> _EXERCISE BRIEF_
Extract verbatim every line from the one containing "X0000096980936200802151327" to the final line of the records below, inclusive, and exclude all pictures.

(Saved entries)
Segment Open

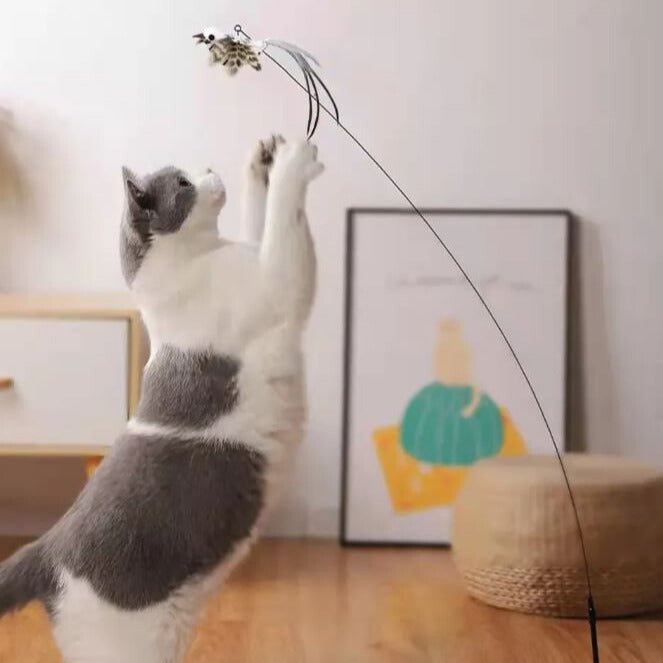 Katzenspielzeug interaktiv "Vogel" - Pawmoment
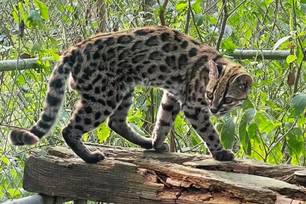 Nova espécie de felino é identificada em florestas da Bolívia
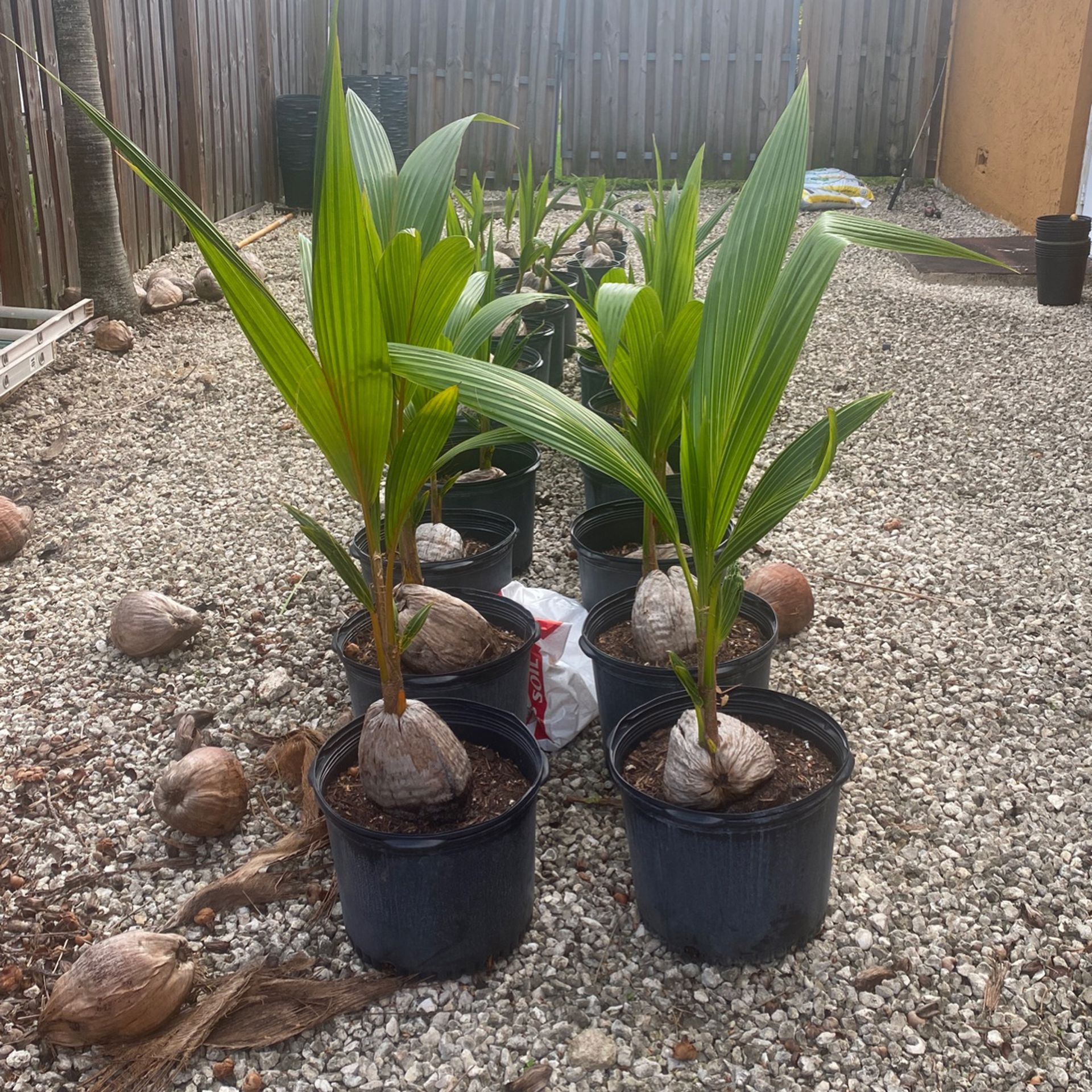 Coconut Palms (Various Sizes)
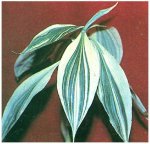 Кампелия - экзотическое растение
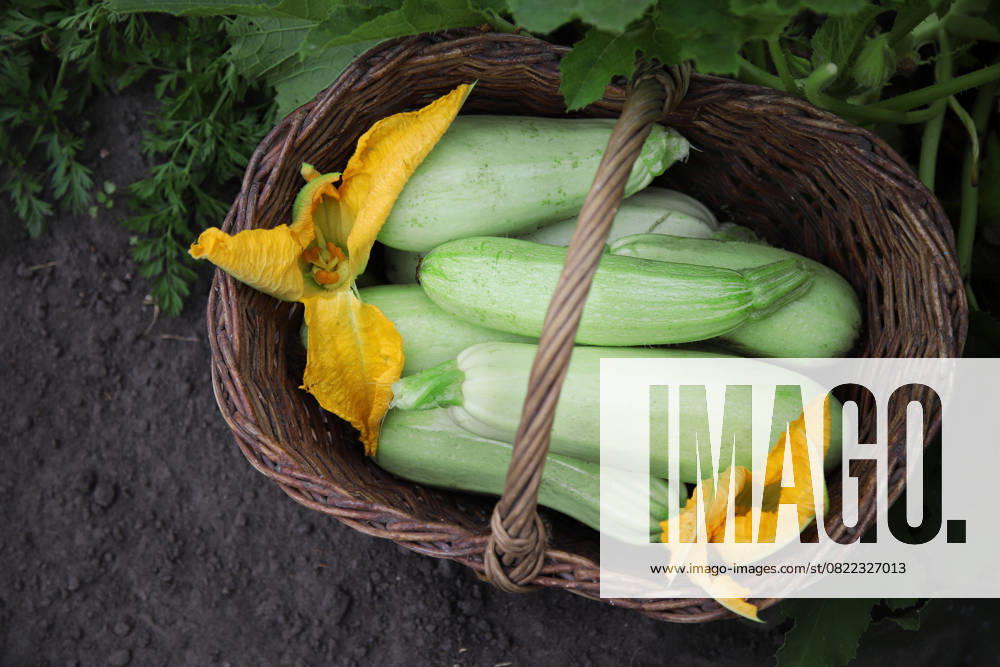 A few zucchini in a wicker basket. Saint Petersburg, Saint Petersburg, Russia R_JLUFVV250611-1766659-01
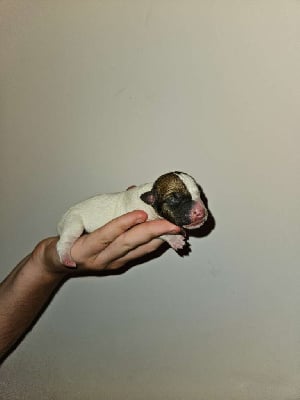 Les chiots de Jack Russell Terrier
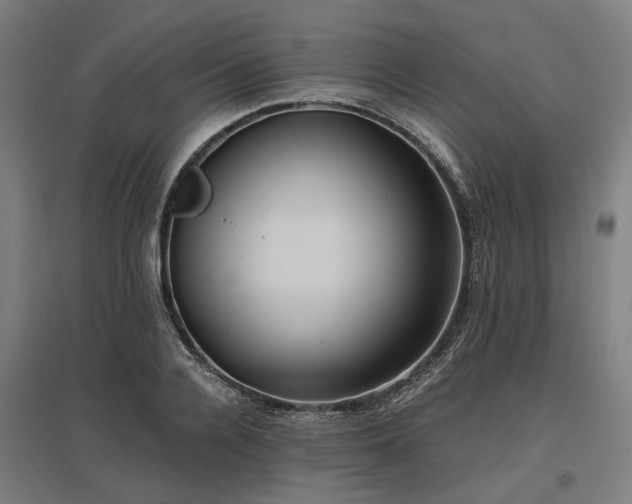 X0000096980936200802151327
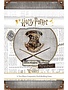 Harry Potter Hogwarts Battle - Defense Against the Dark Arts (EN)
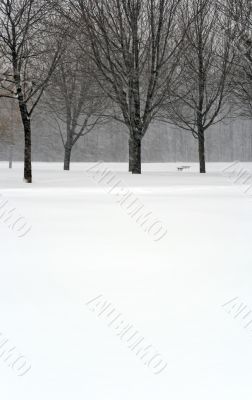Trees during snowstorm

Segment Closed

> _RESPONSE TO THE EXERCISE_
 X0000096980936200802151327
 Harry Potter Hogwarts Battle - Defense Against the Dark Arts (EN)
Trees during snowstorm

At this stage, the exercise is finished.